A group of foreign financial institutions, including Glencore Energy UK Limited, Africa Finance Corporation, Mauritius Commercial Bank, and Fidelity Bank, have sued FBN Trustees Limited in a major escalation of the ongoing legal disputes influencing Nigeria’s oil and gas industry.
Due to what the foreign lenders claim is an illegal attempt to take control of Neconde Energy Limited’s interests in the valuable Oil Mining Lease 42 (OML 42), the case targets both FBN Trustees and the designated receiver, Abubakar Sulu-Gambari SAN.
Abubakar Sulu-Gambari SAN’s nomination as Receiver/Manager, according to the international lenders, is an illegal attempt to enforce a subordinate security in violation of their rights.
Context: The Conflicting Interests in OML 42 and Neconde
45% of OML 42, a strategically significant oil asset, is owned by Neconde Energy Limited, a major participant in Nigeria’s oil and gas industry.
Neconde received credit facilities from the overseas lenders, which included international financial institutions, an international oil trading company, and Fidelity Bank.
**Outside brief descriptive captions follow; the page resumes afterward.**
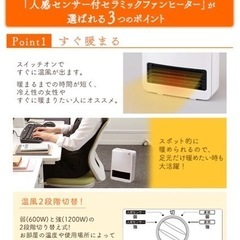 人感センサー付 セラミックファンヒーター ホワイト PCH-125D-Wの画像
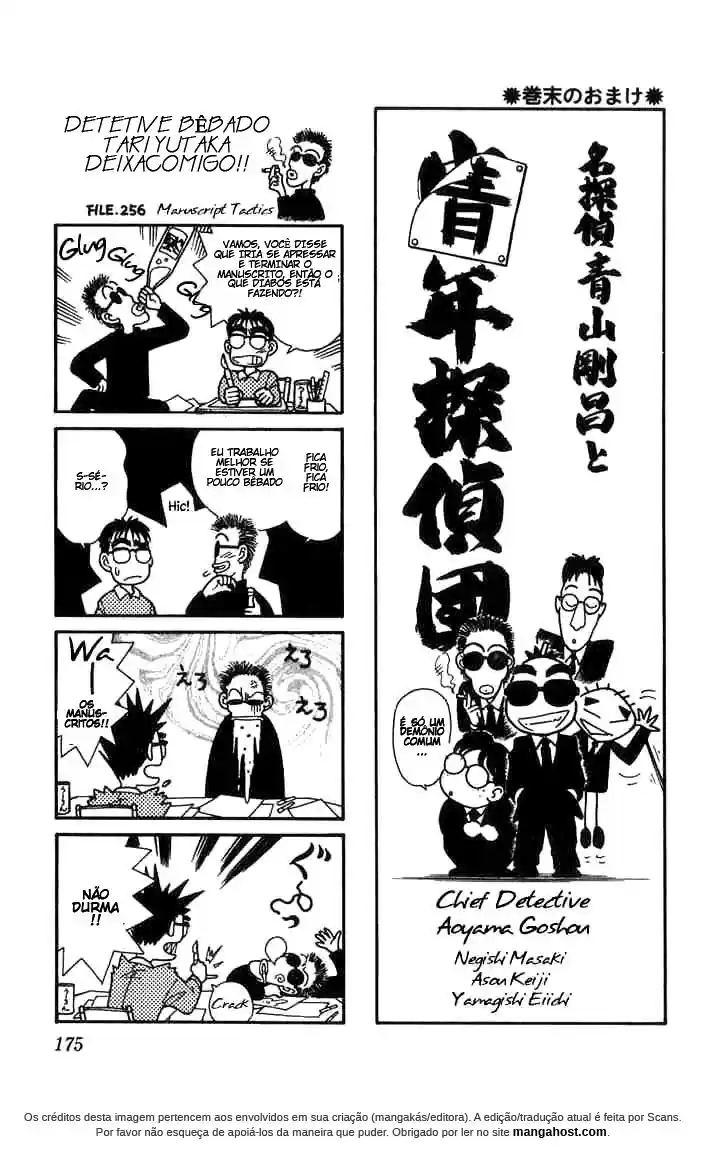 Read Detective Conan pt_BR Manga Online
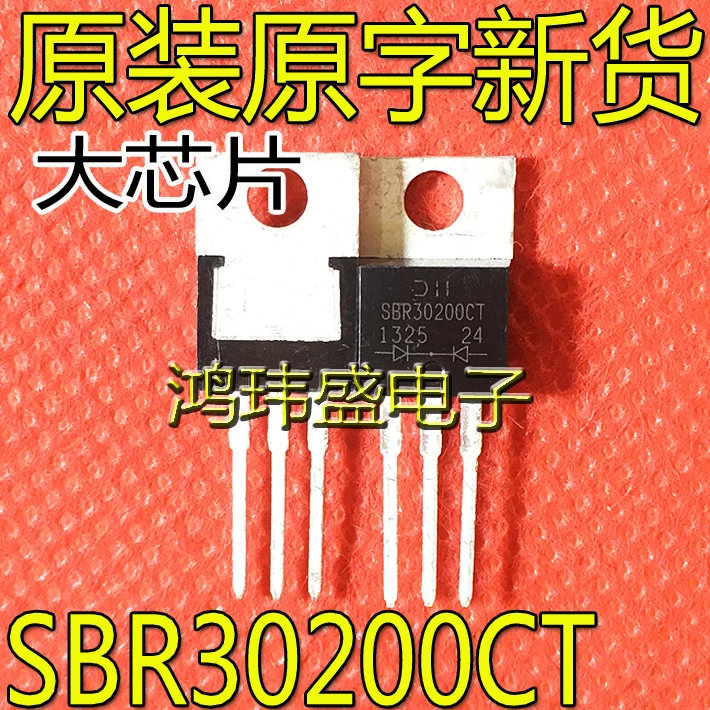 

30 шт. Оригинальный Новый SBR30200CT Schottky TO-220 200V 30A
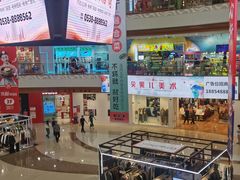 -万达广场(泰安泰山店)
Under the provisions of the agreement, FBN Trustees were designated as their security trustees.
The complicated network of connections between Neconde, the international lenders, and a group of Nigerian banks known as the “Nestoil Lenders” is the source of the dispute.
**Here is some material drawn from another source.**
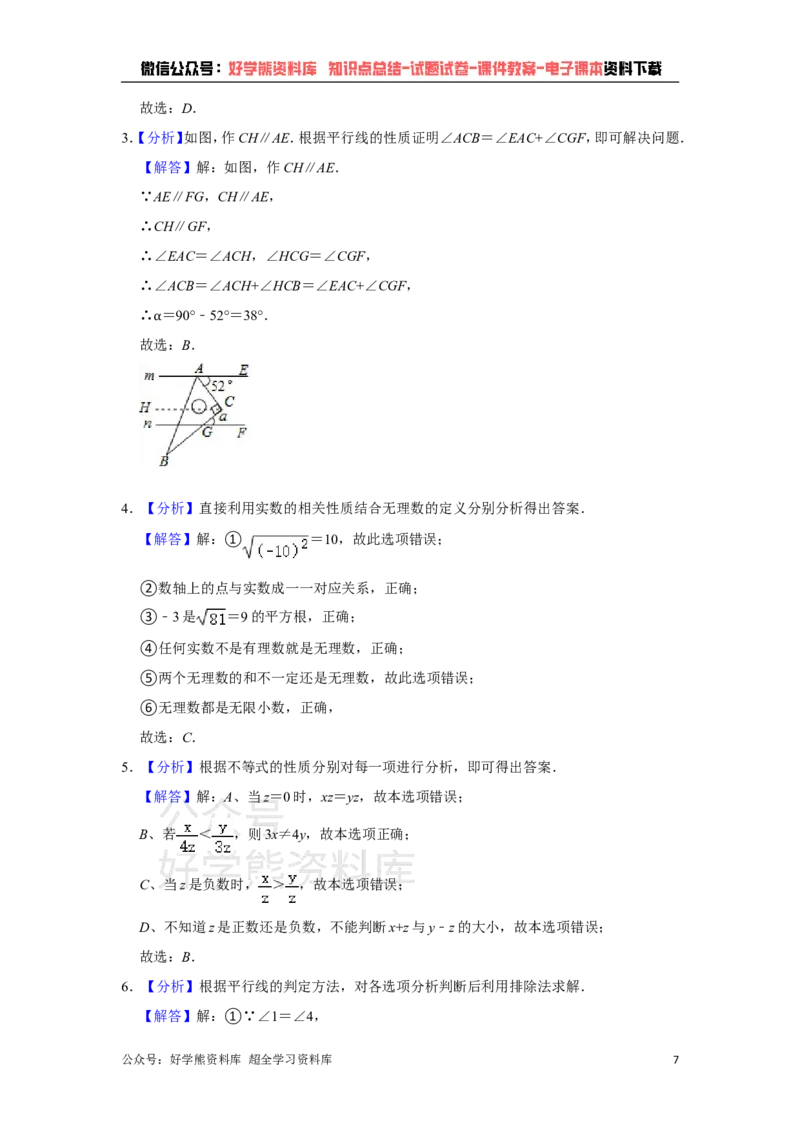 《人教版七年级下册数学期末试卷(1)_初中数学期中卷+期末卷+单元卷+月考卷_初中数学期末试卷_人教版初中数学全册期末试卷》第7页预览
First Bank Limited and FBN Trustees, a company connected to First Bank Nigeria Limited, served as trustees for the Nestoil Lenders.
Allegations: Unlawful Security Creation and Breach of Trust
The complaint centers on allegations that FBN Trustees violated their fiduciary duties and trust obligations by arranging for the Nestoil Lenders to gain a secondary security interest over Neconde’s assets in OML 42.
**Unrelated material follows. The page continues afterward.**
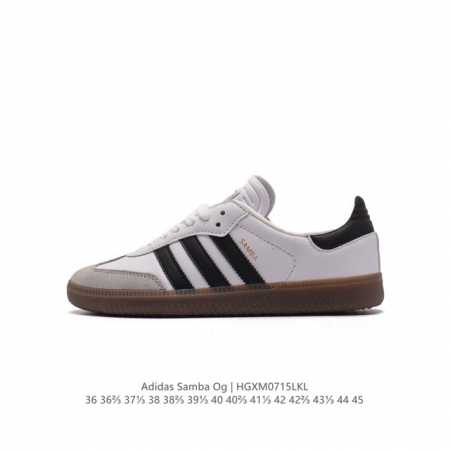 阿迪达斯 德训鞋 Adidas Originals Samba Og Shoes 经典运动鞋小白鞋 T头鞋 彰显休闲摩登风情的时尚经典鞋。它诞生于50年代的足球 - 点击图像关闭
Despite the foreign lenders’ clear lack of consent—a requirement outlined in the initial terms of their financing agreement including FBN Trustees—the foreign lenders argue that this security was established through a Deed of Charge executed by FBN Trustees.
Notably, the lawsuit claims that Neconde does not owe the Nestoil Lenders, which further makes it illegal to create this extra security without the necessary authorization.
The Position of Foreign Lenders: Requests and Legal Arguments
The plaintiffs contend that FBN Trustees created the challenged security interest despite being fully aware that previous approval was required and having received an unequivocal rejection.
They contend that this activity amounts to a grave breach of fiduciary duty and trust, making FBN Trustees liable for acting in the best interests of parties that have no rightful claim to Neconde’s assets.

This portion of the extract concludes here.